[Follow My leader by Talbot Baines Reed]@TWC D-Link bookFollow My leader CHAPTER TWENTY NINE 16/19
With a pitiful attempt at a swagger, he completed his passage to the door, and left the Hall. As he reached the door, a low hiss rose from the middle of the assembly, but a sudden gesture of appeal from the Captain stifled it before it could spread, and the door closed behind the retreating figure amid a silence which spoke volumes. The meeting waited a minute or two, and then quietly rose and dispersed, every one feeling that from that afternoon a new era in the history of Templeton had been inaugurated. Our heroes, who in the midst of later excitements had half-forgotten their own share in the afternoon's proceedings, were among the first to get out into the Quadrangle; and once there, their manner changed from one of dignified solemnity to one of agitated expectancy. In a quarter of an hour their guest was due in Cresswell's study, and between now and then, what had they not to do? Who shall describe that wondrous spread, or the heroes that partook of it? How, when Mr Richardson arrived, punctual and hungry, he found a table groaning under every delicacy the ingenuity and pocket-money of three juniors could provide; how the kidneys were done to a turn and the tea-cake to a shade; how jam-pots stood like forts at each corner of the snowy cloth; how hot rolls and bath buns lorded it over white loaf and brown; how eggs, boiled three minutes and five seconds by Heathcote's watch, peeped out among watercress and lettuces; how rosy apples and luscious pears jostled one another in the centre dish; and how tea and coffee breathed forth threatenings at one another from rival pots on the same tray? It was a spread to make the mouths in Olympus water, and drive Hebe and Ganymede to despair.
Mr Richardson, who, in the guilelessness of his heart, had brought a small plum-cake as a contribution to the feast, positively blushed as he saw that table, and hid his poor mite back in his pocket for very shame. The "Firm," when they did go in for a thing, did it well, and no mistake; and, if Mr Richardson had paid up royally for them during the day, he should find that more than one could play at that game, and that they would pay up royally at night. Like a brave man, the good father expanded his appetite, and, regardless of consequences, took a little of everything.

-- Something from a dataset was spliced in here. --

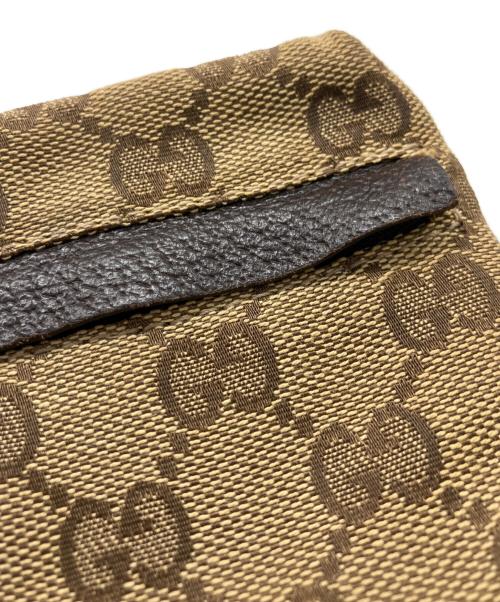 GUCCI（グッチ）GUCCI (グッチ) ウエストポーチ ベージュの古着・服飾アイテム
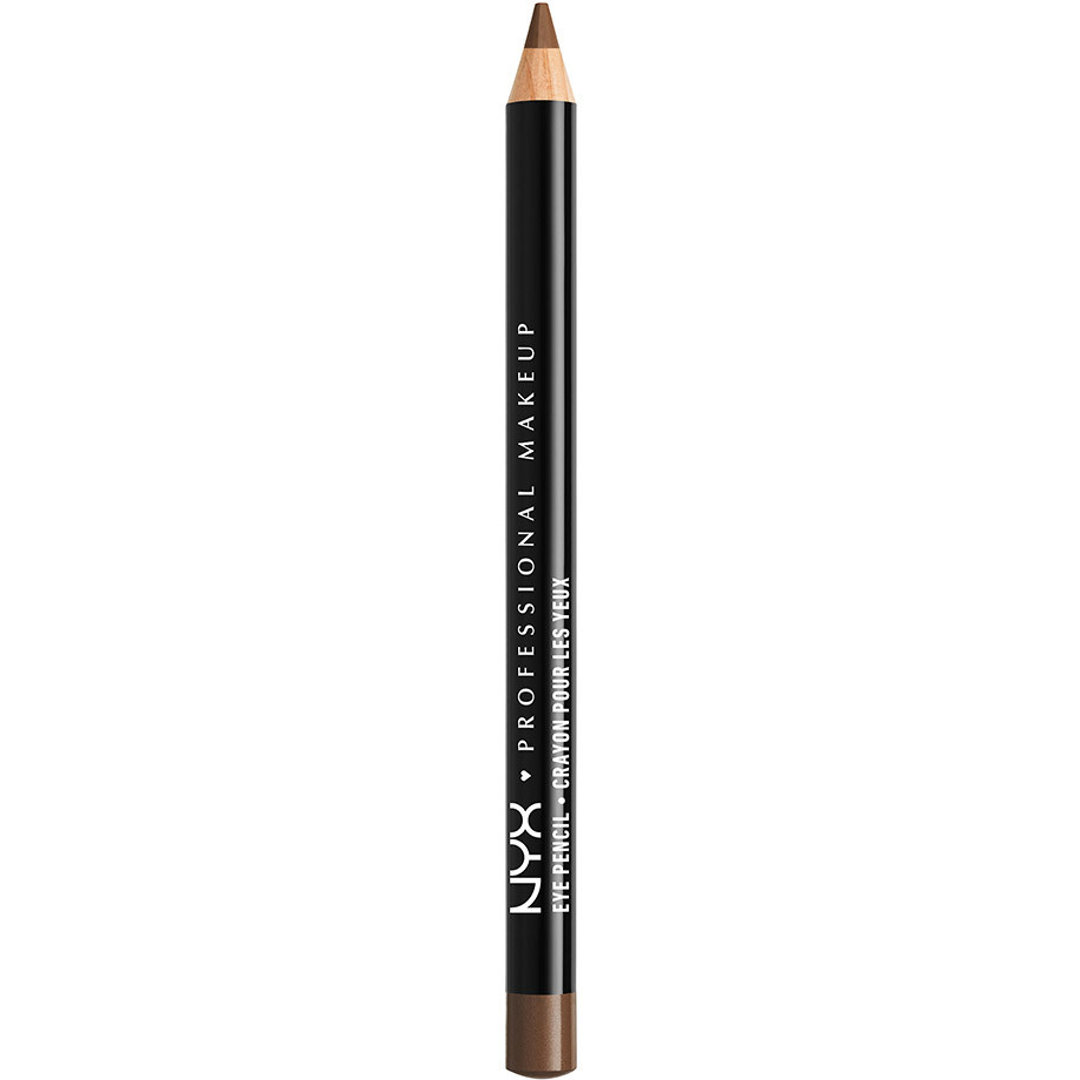 NYX Slim Eye Pencil, Medium Brown ögonbrynspenna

The "Firm" took a great deal of everything, and never was a more jovial meal. Coote's cup seemed to be always on the road to or from the pot, and Georgie was for ever mistaking the dish of tea-cake for his own private plate; while Dick, bolder than any of them, insisted on giving his parent ocular demonstration of the wholesomeness of each several dish, until that good gentleman began to think it was a good thing he was not a daily visitor at Templeton. "Jolly brickish of old Cress, giving us his study, isn't it, you chaps ?" "Rather!" said Georgie.
"I think we might almost leave him out something." "I don't particularly want this _egg_," said Coote, who had already accomplished two and was gently tapping a third, "if you think he'd like that." "How would it be to ask him in? Would you mind, father ?" "Not at all," said Mr Richardson, really relieved at the prospect of a fifth appetite to help off the banquet. So Dick went in search of his senior, and found him in Freckleton's study.
He felt constrained to invite both seniors to join their party, and, somewhat to his alarm, they both accepted gladly. Dick need not have been alarmed, though, for both the provisions and the company held out wonderfully. Mr Richardson was delighted with his boy's seniors, and they were no less delighted with him.